# My espresso boiler temperature controller project

1. Nov 16, 2011

So, I've been thinking about this for years as I've began studying Mechanical Engineering, but I never felt like I had the time or expertise to undertake the project: to make my own temperature controller at the heart of a fully functional and high quality espresso machine. It wasn't until this semester, when I began taking Thermofluids II and Sensors & Controls, that I felt that this was a manageable idea. Learning about how to work with conduction, convection, and control systems seem to be the final pieces of the puzzle. I hope to use this thread to document what I've done so far and to ask for help with what remains.
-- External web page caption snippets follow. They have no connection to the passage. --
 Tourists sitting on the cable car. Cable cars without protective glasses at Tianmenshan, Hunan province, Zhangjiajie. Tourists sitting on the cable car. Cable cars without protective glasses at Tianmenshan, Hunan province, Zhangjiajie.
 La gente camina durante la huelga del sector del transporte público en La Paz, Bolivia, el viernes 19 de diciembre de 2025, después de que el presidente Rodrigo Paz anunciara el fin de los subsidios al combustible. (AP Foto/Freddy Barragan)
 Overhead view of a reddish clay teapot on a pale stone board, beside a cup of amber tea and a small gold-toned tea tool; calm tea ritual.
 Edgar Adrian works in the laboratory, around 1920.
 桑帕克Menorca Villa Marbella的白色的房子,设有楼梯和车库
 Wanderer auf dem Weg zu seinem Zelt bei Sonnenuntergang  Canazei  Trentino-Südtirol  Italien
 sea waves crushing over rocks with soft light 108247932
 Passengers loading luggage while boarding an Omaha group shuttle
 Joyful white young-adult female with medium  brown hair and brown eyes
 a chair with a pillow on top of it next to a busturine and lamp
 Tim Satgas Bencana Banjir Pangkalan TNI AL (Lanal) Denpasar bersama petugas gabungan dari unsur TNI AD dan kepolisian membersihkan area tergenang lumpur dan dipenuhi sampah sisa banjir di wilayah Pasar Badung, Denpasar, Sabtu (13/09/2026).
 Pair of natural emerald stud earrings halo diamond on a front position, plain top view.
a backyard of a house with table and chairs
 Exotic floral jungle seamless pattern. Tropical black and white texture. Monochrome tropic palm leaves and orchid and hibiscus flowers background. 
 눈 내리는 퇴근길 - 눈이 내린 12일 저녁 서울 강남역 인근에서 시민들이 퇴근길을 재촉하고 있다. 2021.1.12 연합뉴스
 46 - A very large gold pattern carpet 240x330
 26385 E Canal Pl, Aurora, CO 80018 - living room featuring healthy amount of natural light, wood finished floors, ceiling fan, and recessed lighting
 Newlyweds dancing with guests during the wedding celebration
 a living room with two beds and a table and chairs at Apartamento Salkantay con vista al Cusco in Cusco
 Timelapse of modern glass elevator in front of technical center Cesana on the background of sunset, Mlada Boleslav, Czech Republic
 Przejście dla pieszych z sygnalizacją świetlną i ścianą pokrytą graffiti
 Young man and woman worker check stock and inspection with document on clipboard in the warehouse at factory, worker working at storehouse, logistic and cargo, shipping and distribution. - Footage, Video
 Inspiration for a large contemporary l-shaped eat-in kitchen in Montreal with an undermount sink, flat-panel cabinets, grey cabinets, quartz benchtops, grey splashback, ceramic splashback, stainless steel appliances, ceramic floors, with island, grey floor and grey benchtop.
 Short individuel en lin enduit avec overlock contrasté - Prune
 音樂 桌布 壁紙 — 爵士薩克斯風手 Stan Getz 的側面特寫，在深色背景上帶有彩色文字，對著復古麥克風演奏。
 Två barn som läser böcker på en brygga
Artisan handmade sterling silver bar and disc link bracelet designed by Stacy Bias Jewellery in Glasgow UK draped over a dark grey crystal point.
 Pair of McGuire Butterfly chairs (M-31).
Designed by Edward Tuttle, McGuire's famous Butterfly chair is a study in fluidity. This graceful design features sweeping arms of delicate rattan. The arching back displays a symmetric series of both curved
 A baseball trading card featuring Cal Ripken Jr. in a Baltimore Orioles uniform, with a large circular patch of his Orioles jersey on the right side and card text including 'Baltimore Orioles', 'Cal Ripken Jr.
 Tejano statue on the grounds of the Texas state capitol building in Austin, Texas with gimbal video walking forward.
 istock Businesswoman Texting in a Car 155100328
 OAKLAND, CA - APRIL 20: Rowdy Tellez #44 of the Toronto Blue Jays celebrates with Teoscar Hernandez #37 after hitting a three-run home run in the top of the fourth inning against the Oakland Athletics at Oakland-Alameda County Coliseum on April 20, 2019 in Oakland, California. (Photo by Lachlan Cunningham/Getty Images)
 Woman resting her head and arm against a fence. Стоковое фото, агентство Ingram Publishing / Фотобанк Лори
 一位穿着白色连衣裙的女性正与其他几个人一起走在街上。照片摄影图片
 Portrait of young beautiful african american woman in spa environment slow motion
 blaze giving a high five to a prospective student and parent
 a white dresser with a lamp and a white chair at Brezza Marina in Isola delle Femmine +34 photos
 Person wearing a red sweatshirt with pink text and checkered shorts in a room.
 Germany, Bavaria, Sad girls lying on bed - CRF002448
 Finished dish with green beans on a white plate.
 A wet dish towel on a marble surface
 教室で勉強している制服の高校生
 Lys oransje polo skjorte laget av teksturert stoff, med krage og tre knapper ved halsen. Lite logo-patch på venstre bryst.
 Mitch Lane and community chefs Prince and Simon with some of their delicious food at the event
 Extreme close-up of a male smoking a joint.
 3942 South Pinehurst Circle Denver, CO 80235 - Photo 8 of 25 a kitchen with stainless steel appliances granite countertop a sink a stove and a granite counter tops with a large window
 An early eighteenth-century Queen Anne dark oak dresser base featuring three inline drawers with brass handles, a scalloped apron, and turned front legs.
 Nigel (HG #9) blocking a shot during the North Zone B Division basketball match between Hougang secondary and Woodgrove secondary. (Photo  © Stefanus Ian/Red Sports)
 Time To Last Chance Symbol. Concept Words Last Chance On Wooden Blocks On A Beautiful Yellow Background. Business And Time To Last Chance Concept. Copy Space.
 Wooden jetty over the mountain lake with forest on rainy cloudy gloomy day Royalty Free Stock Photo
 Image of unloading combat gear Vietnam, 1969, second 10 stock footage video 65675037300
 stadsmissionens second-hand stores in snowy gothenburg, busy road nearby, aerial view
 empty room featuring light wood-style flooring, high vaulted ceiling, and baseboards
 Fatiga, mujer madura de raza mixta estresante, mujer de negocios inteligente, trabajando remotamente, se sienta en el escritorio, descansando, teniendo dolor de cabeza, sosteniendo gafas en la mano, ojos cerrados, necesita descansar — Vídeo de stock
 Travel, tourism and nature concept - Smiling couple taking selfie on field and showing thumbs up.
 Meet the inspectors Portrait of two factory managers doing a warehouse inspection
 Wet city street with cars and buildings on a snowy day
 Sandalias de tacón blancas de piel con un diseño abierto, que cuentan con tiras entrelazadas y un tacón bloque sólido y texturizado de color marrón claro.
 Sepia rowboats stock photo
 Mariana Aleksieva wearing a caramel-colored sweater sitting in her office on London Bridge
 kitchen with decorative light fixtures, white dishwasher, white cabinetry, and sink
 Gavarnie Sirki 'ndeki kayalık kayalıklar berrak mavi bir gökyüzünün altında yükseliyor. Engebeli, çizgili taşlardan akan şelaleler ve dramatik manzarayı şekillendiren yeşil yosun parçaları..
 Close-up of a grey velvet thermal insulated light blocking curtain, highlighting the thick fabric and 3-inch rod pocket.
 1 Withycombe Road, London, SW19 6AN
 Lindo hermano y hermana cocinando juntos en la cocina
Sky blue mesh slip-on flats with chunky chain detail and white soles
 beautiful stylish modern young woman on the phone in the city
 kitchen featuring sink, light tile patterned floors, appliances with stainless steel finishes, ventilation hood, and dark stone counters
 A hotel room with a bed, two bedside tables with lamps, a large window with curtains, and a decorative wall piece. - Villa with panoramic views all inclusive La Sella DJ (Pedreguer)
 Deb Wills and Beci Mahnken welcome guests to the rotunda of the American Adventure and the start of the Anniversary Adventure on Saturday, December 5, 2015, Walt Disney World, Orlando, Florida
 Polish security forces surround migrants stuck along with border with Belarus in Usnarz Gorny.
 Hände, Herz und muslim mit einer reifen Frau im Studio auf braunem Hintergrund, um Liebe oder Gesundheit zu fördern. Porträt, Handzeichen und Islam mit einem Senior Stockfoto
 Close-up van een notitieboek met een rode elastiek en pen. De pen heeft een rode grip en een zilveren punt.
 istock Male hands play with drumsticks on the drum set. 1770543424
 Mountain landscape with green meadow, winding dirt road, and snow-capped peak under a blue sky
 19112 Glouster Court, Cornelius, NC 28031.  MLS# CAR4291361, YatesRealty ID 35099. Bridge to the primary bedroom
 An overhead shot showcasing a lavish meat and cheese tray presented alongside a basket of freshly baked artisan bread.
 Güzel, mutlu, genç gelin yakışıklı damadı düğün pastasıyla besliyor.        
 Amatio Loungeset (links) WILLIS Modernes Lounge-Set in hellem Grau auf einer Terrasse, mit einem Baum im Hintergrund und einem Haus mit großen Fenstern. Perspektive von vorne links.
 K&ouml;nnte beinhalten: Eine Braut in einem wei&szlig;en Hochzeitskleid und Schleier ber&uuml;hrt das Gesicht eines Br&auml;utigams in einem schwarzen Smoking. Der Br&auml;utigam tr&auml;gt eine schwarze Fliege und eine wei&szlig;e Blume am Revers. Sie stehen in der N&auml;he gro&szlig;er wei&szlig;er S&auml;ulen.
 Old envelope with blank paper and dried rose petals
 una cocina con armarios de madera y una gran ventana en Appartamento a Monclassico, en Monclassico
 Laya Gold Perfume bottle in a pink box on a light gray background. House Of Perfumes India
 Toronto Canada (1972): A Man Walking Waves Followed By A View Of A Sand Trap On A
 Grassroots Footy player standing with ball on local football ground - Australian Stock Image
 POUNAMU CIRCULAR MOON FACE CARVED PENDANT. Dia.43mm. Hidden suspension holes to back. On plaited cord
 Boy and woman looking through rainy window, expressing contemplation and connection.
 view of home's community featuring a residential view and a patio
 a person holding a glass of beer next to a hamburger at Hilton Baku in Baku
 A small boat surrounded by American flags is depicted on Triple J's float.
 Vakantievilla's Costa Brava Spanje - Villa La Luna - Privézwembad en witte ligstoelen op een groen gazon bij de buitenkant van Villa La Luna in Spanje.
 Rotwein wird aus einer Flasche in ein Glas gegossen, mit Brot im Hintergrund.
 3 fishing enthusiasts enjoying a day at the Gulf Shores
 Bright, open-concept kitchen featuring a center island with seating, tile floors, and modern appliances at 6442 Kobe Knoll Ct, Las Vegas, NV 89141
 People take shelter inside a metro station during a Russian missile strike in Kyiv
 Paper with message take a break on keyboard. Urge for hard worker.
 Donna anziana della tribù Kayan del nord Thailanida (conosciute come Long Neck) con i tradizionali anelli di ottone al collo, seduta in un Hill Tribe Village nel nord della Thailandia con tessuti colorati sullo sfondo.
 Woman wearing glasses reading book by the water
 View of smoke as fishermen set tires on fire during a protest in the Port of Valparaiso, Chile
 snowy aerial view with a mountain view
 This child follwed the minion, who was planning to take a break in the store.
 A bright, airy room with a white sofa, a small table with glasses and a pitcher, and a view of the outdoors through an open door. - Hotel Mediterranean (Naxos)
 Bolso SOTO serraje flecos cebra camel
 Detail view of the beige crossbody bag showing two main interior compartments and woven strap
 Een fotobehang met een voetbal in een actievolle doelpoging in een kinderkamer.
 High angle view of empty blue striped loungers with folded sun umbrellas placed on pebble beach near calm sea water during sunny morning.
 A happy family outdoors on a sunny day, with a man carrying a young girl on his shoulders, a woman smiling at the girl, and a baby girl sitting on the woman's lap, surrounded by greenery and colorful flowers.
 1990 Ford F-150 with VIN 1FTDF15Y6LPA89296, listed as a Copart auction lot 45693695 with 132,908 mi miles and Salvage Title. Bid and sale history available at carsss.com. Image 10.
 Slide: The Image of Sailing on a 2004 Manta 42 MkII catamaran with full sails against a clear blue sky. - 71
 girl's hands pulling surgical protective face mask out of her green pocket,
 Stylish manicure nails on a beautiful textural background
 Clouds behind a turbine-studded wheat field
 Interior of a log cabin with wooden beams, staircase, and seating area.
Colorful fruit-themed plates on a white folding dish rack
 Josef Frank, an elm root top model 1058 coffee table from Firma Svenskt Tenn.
Note: this is a work in progress and I have not even come close to completing it

1) Background
I purchased a GE espresso machine, model 169108. After running it as is for a few weeks, it made passable espresso, but the brew temperature and shot times varied widely, leading to inconsistent taste. After reading about performance modifications to much more expensive machines, it became apparent that the most effective one was put the heating coil power and thus the water temperature in the hands of a well-tuned PID controller. Instead of relying on thermostats to switch the heating coils on and off at intervals to keep the water within manageable limits, the PID controller promises negative feedback logic to 'intelligently' determine how much power to give the coils, keeping the water temperature at a consistent, precise value.

2) The Setup
The only components that remain from the original machine are the 900W stainless still (I think) boiler and a 41W vibration pump. To construct a simple test rig to tune my PID controller, the boiler and pump were mounted on wooden stands outside of the original case. A 10A solid-state relay is switched on and off by an Arduino microcontroller to control current to the boiler (the coil resistance is about 16.7Ω, which at 120V should draw around 7.5A at its rated 900W maximum power). Power to the water pump is controlled by a simple manual switch to initially fill the boiler with water and later to pump the heated water out of the boiler and out of the espresso machine. Later this will be controlled by the Arduino as well.

3) Building a model

I wanted to take what I’d learned in Thermofluids II to build a theoretical model of the boiler including convection of the heating coil power through the water and onto the boiler inside wall, conduction through the wall, and convection of the heat away from the outer wall by ambient air. My immediate thought was to employ a lumped capacitance model to simplify things, which seems to require an assumption of uniform temperature distribution. The Biot number of a surface, to my understanding, represents the ratio of energy transfer by convection to that by conduction. If the Biot number is much less than one, much more heat is conducted into the material than is lost through convection so that the surface behaves as a fully charged capacitor, and thus can be assumed to have a fully uniform temperature distribution. The Biot numbers were calculated as follows:

$Bi=\frac{hL_C}{k_b}$
The inner and outer Biot numbers were calculated to be 0.176 and 0.779, respectively; I don’t think they qualify as “much less than” one. Does this mean I cannot expect reasonable accuracy using a model based on lumped capacitance? Where might I head from here?

2. Nov 16, 2011

### edgepflow

Yeah, the textbooks usually say that Bi < 0.1.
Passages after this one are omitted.